Recognising the growing challenges associated with load calculations and site condition assessments for wind turbines, DNV has taken the initiative of publishing a new standard – DNV-ST-0437 – that caters to both onshore and offshore applications. It includes practical project insights and enhancements to International Electrotechnical Commission (IEC) standards. These additions cover wind extrapolation, tropical cyclones, sea/lake ice, seismic activity, and the impact of seagoing vessels. Advanced methodologies for load modelling, such as machine learning-based surrogate models, wind turbine clustering methods, and probabilistic-based design principles, are also included.

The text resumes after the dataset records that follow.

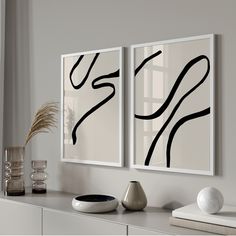 two black and white paintings hanging on the wall next to a vase with a plant in it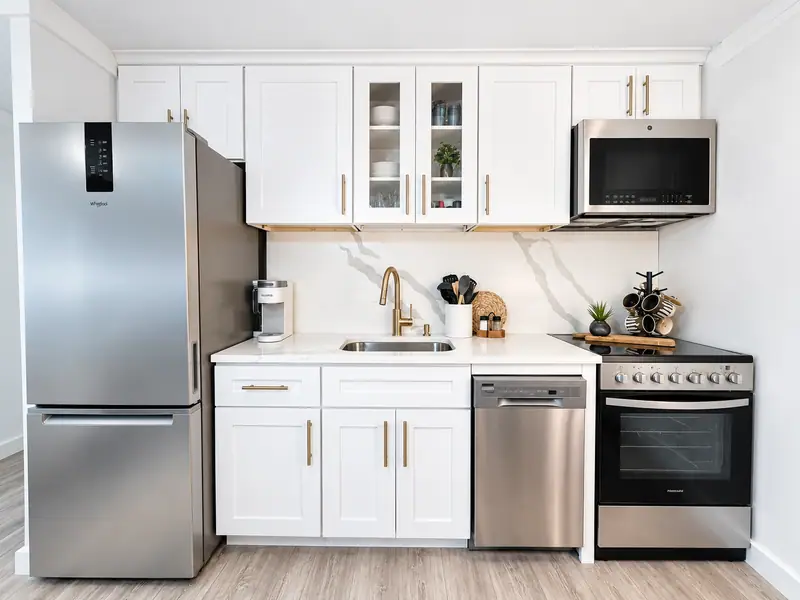 White kitchen at Mountain Lodge 144 with a stainless fridge and range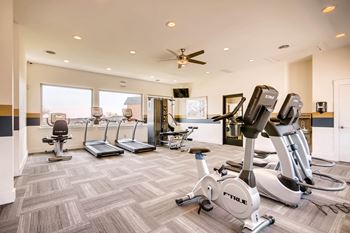 A gym with a variety of exercise equipment including treadmills, stationary bikes, and elliptical machines.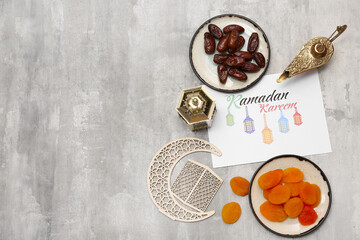 Greeting card, Aladdin lamp, dried apricots and dates on grey grunge background. Ramadan celebration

Kim Sandgaard-Mørk, executive VP for Renewables Certification, Energy Systems at DNV said: “Stringent industry standards are essential for ensuring the safety, reliability, and performance of wind turbines. They allow manufacturers, developers, and financiers to evaluate designs and make informed decisions for successful projects. DV-ST-0437 aims to equip industry stakeholders with the necessary tools and guidance to navigate the complexities of wind turbine load calculations and site assessments in more environments and configurations than before, contributing to the continued growth and success of the wind energy industry by maintaining the highest degree of safety and performance.”
According to DNV’s ‘Energy Transition Outlook’ wind energy will provide nearly 50 % of on-grid electricity in Europe and 40 % in North and Latin America by 2050. Wind capacity is expected to grow nine-fold, with onshore wind increasing seven-fold and offshore wind expanding 56-fold.